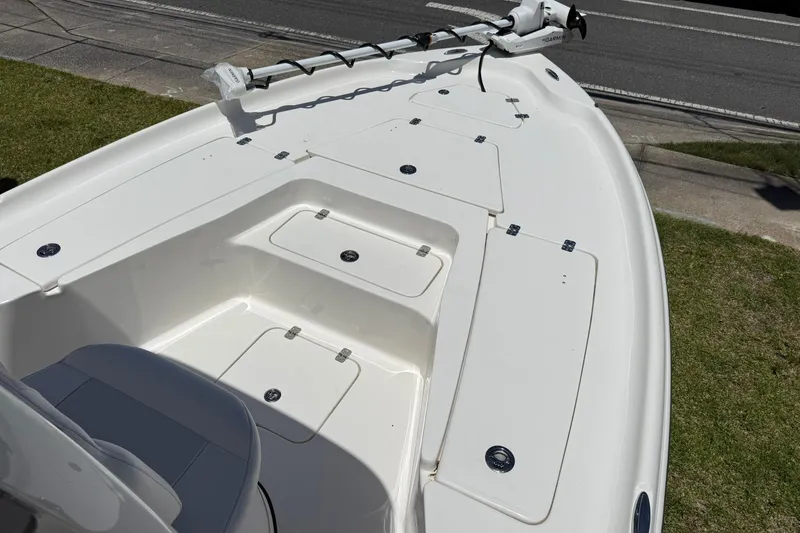 Slide: The Image of 2026 Key West 230 Bay Reef boat deck with storage compartments and trolling motor. - 5
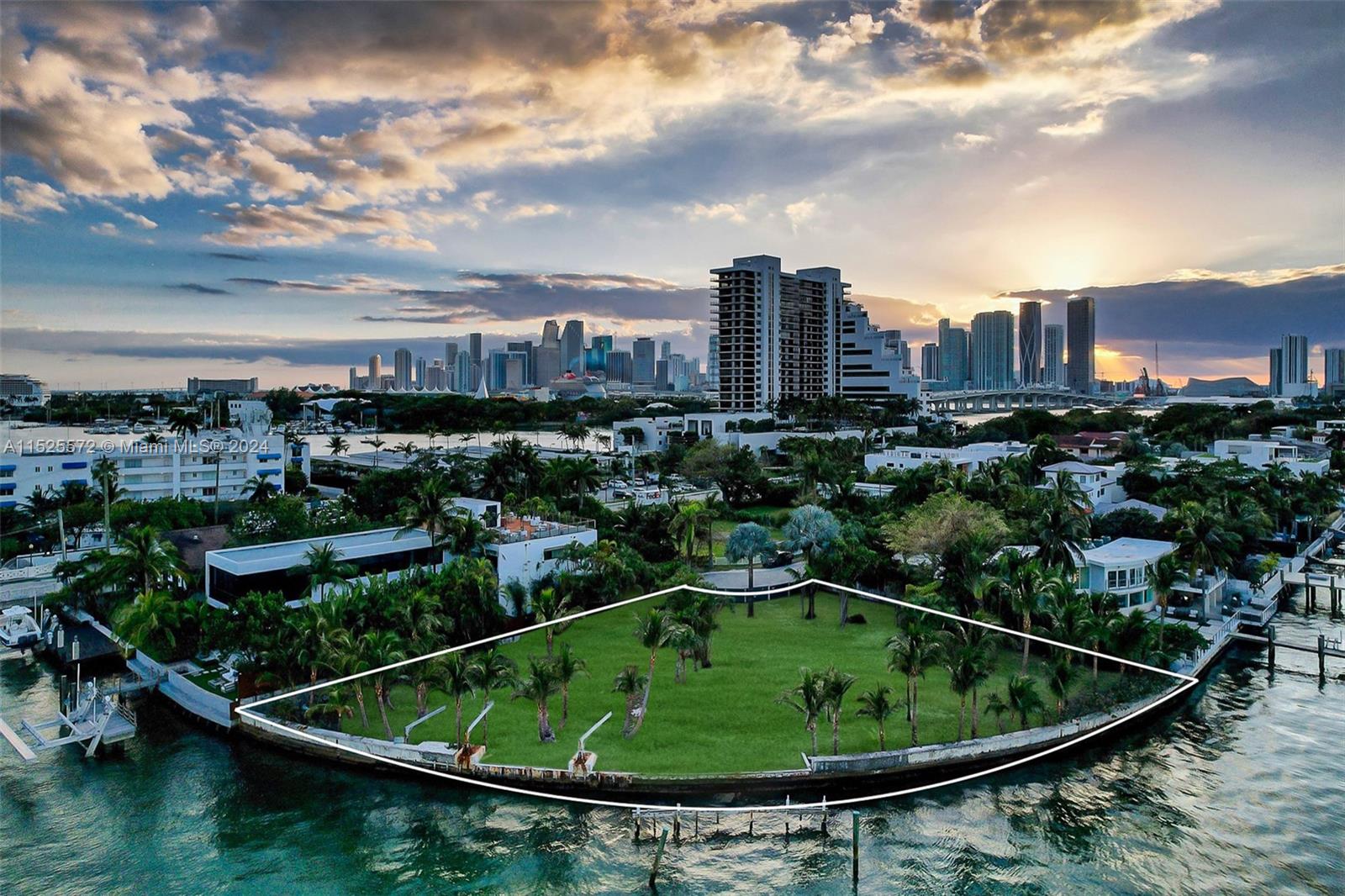 This exceptional 23,640 SF lot on the Venetian Islands is a true masterpiece, seamlessly blending luxury with tranquillity. This prime lot has plans + permits FULLY APPROVED by Dufner Heighes a prestigious architectural firm out of New York. It presents a prime opportunity to build this dream waterfront oasis which has approximately 17,000 SF under A/C, over 26,000 Total SF, with a full rooftop terrace and understory car gallery. The property is surrounded by green natural scenery with a breathtaking view over Biscayne Bay. This property is just minutes away from Miami's most coveted destinations. Situated in an exclusive waterfront location on a cul de sac, the property provides unobstructed views throughout it's over 270 feet of water frontage.
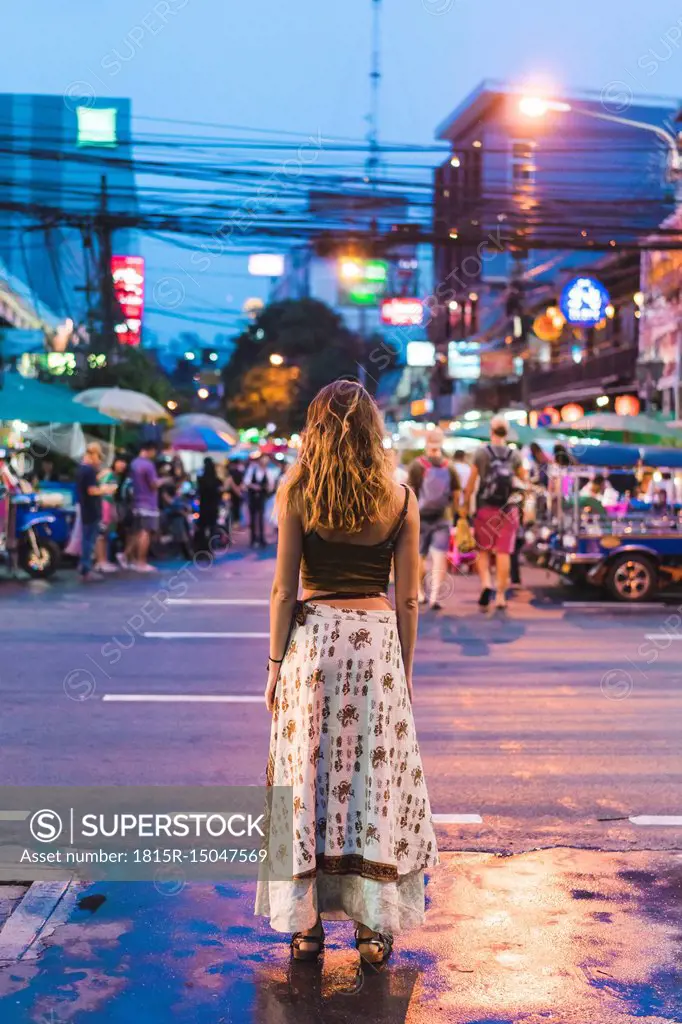Thailand, Bangkok, young woman in the city standing on the street at night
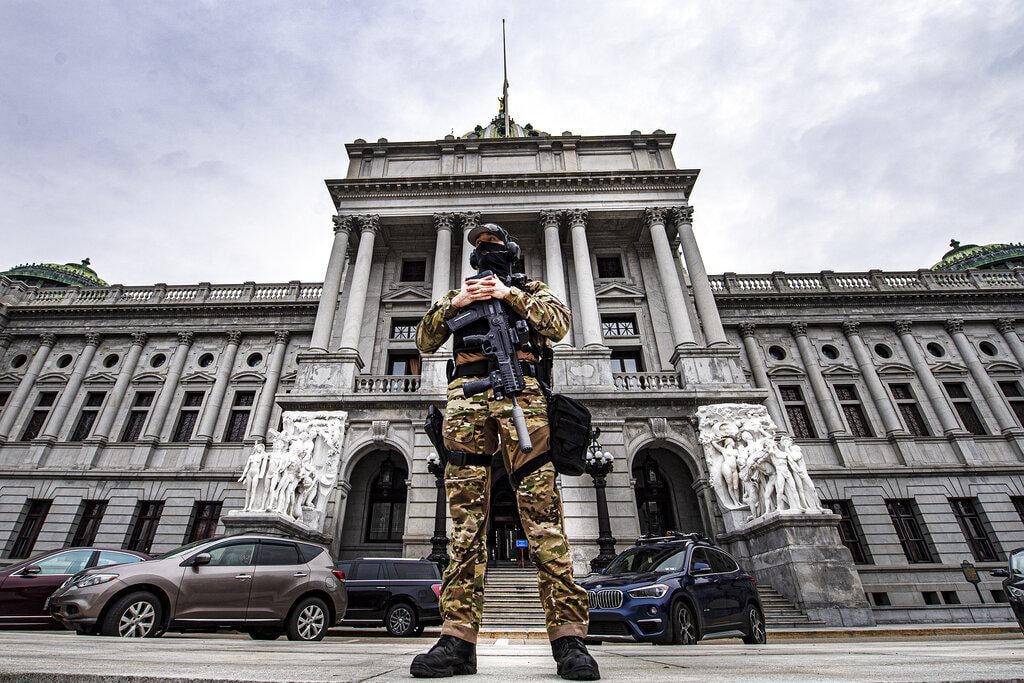 A member of the Pennsylvania Capitol Police stands guard at the entrance to the Pennsylvania Capitol Complex in Harrisburg, Pa., Wednesday, Jan. 13, 2021. (Jose F. Moreno / The Philadelphia Inquirer via AP)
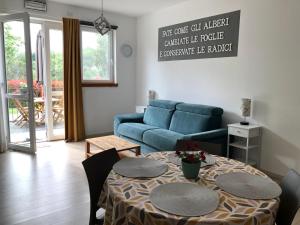 a living room with a table and a blue couch at Casa Vacanza Mattirolo - Castagneto Po in Castagneto Po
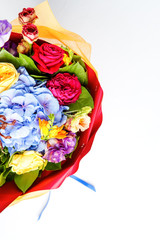 Photo from above of bouquet of multi-colored roses on empty white background.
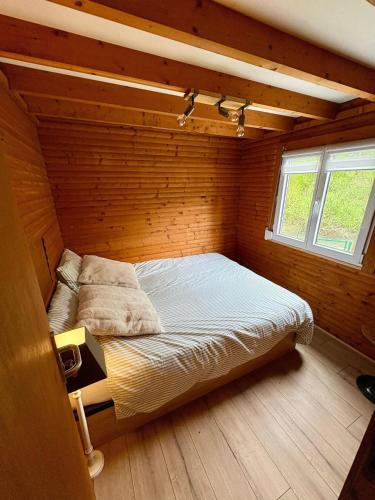 a bedroom with a bed in a wooden room at Chalet convivial avec vue sur la rivière - 62 m² in Authuille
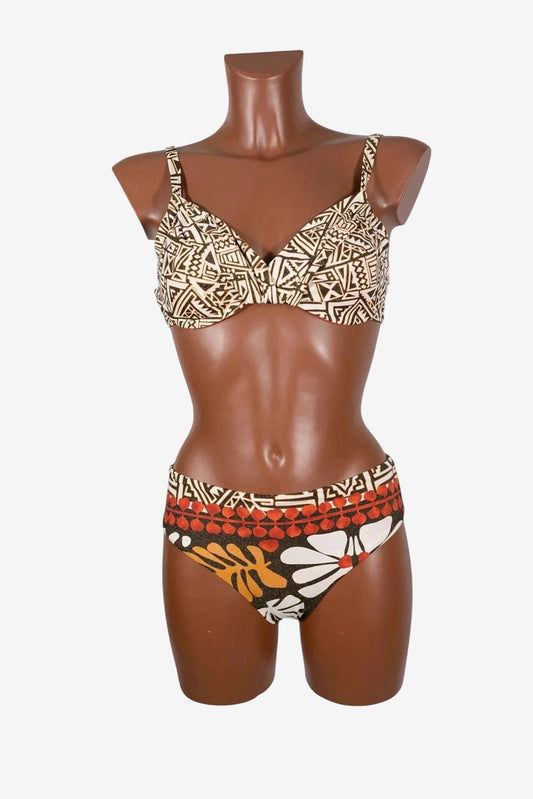 A two-piece bikini with a geometric print top and a floral patterned bottom on a mannequin.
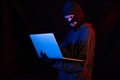 Burglar with computer - isolated on black Royalty Free Stock Photo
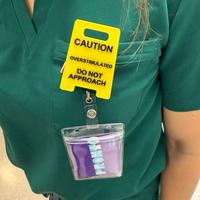 Caution Overstimulated badge reel - Yellow Sign with Black Text, Warning Message for Safety Awareness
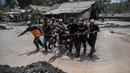 Warga menggunakan kayu untuk memindahkan sepeda motor melalui jalan banjir di Dusun Kamar Kajang, Lumajang, Kamis (9/12/2021). Luapan air sungai bercampur material lahar dingin erupsi Gunung Semeru merendam puluhan rumah akibat diguyur hujan deras pada Selasa dan Rabu malam. (Juni Kriswanto/AFP)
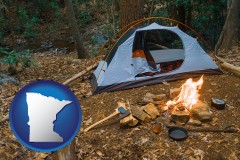 minnesota map icon and camping tent at a wilderness campsite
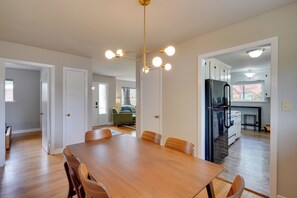 Ein Essbereich mit Holztisch und -stühlen, einer modernen Kronleuchter und einer Küche inklusive Kühlschrank.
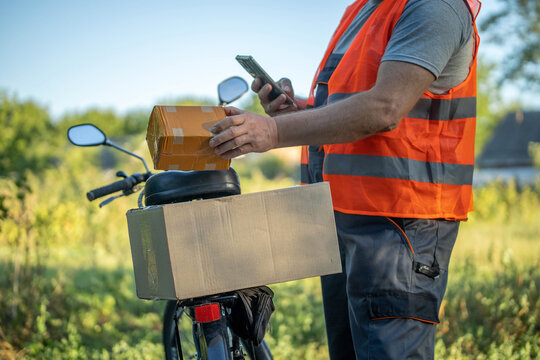 A delivery person in a bright orange vest balances two packages on a bicycle. Surrounded by green fields, they check their phone, reflecting a busy workday in nature
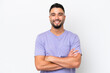 © luismolinero - Young Arab handsome man isolated on white background keeping the arms crossed in frontal position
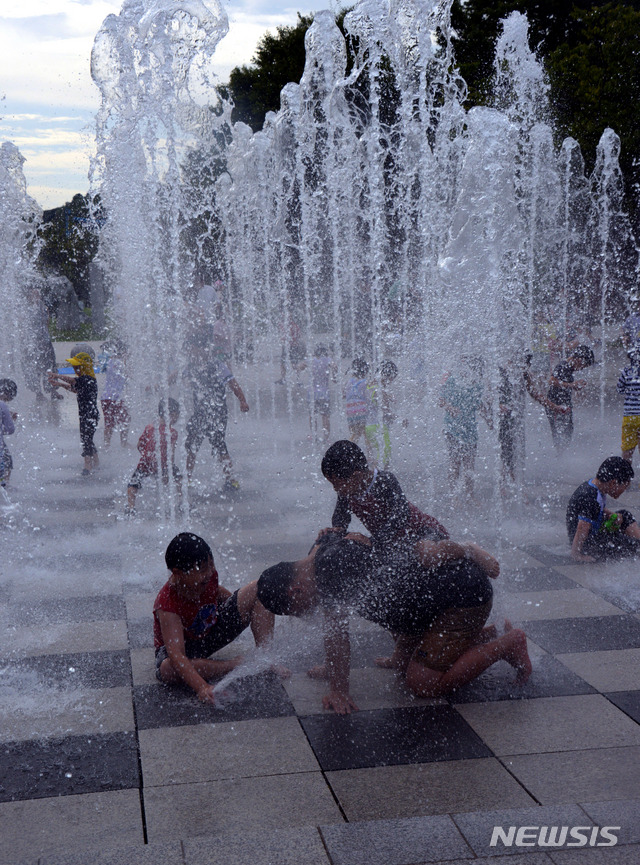 【서울=뉴시스】박태홍 기자 = 더위도 가시고 선선한 가을을 맞이하게 된다는 처서 (處暑) 절기를 닷새 앞둔 18일 오후 서울 성동구 서울숲에서 뭉게구름 사이로 볕이 뜨겁게 내리쬐고 어린이들이 바닥에서 솟아오르는 힘찬 물줄기를 맞으며 즐겁게 놀고 있다. 2018.08.19.&nbsp; hipth@newsis.com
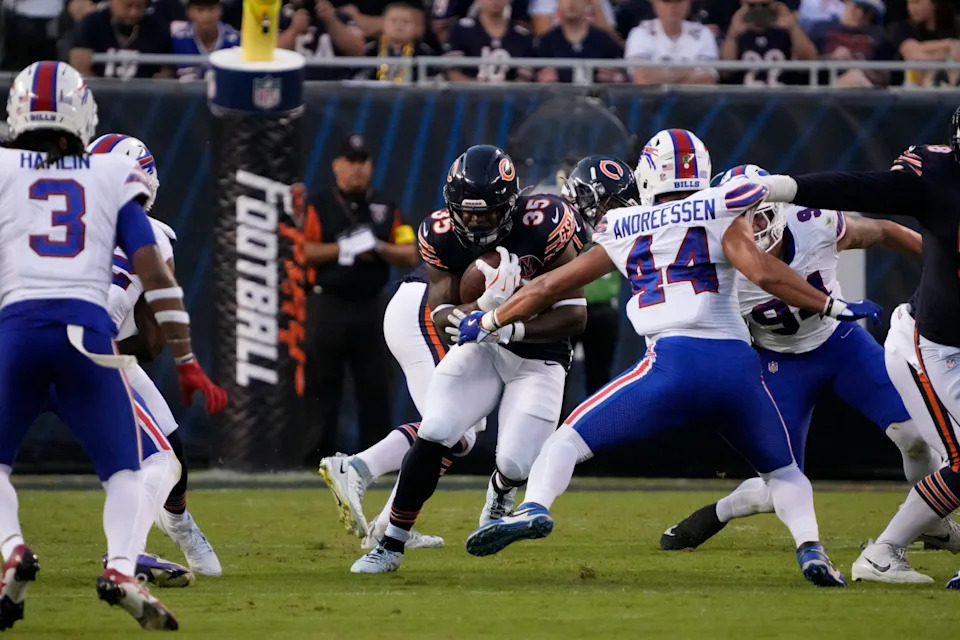 Aug 17, 2025; Chicago, Illinois, USA; Buffalo Bills linebacker Joe Andreessen (44) makes tackle on Chicago Bears running back Deion Hankins (35) during the first quarter at Soldier Field. Mandatory Credit: David Banks-Imagn Images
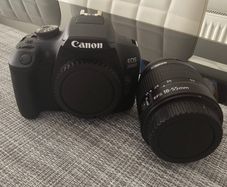 BRAND NEW Canon EOS 2000D with lens and strap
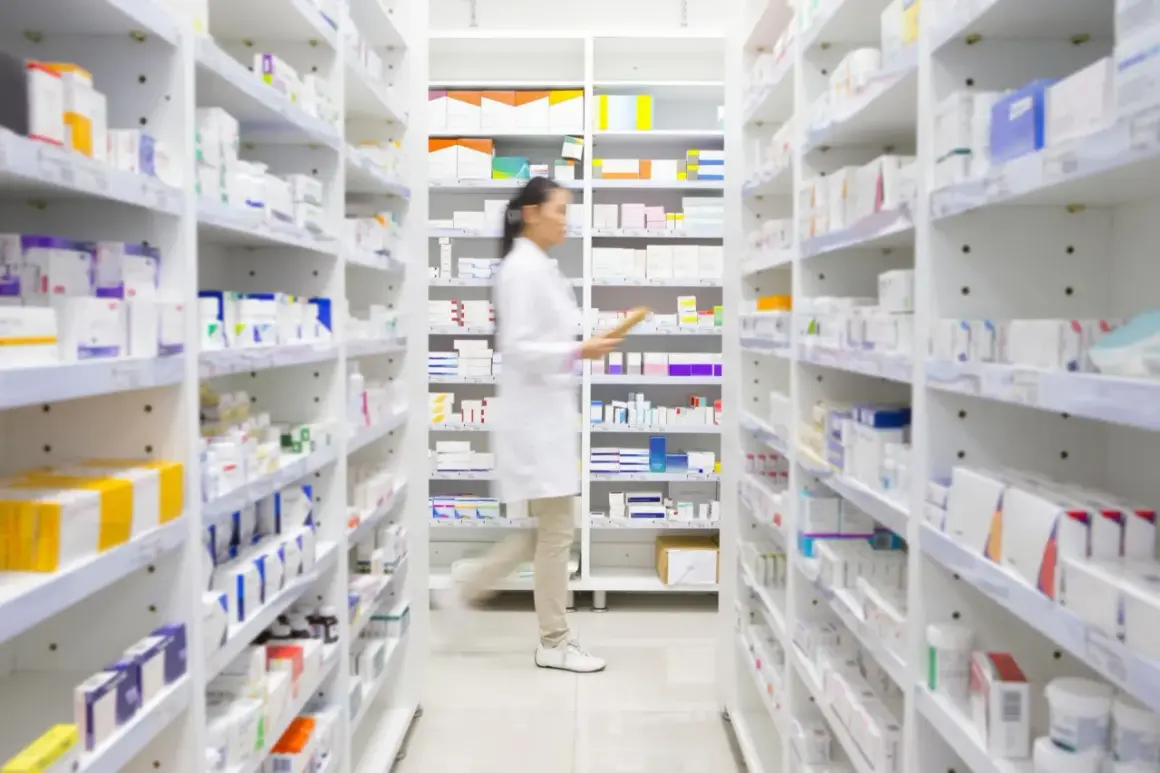 Farmaceutka w białym fartuchu przegląda półki z lekami, szukając np. Klacid.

————

THE TASK => Set down, exactly as written above, each line from the one with "Thailand, Bangkok, young" through the one with "Caution Overstimulated badge", and skip the pictures.

RESPONSE TO THE TASK =>
Thailand, Bangkok, young woman in the city standing on the street at night
 A member of the Pennsylvania Capitol Police stands guard at the entrance to the Pennsylvania Capitol Complex in Harrisburg, Pa., Wednesday, Jan. 13, 2021. (Jose F. Moreno / The Philadelphia Inquirer via AP)
 a living room with a table and a blue couch at Casa Vacanza Mattirolo - Castagneto Po in Castagneto Po
 Photo from above of bouquet of multi-colored roses on empty white background.
 a bedroom with a bed in a wooden room at Chalet convivial avec vue sur la rivière - 62 m² in Authuille
 A two-piece bikini with a geometric print top and a floral patterned bottom on a mannequin.
 Burglar with computer - isolated on black Royalty Free Stock Photo
 Caution Overstimulated badge reel - Yellow Sign with Black Text, Warning Message for Safety Awareness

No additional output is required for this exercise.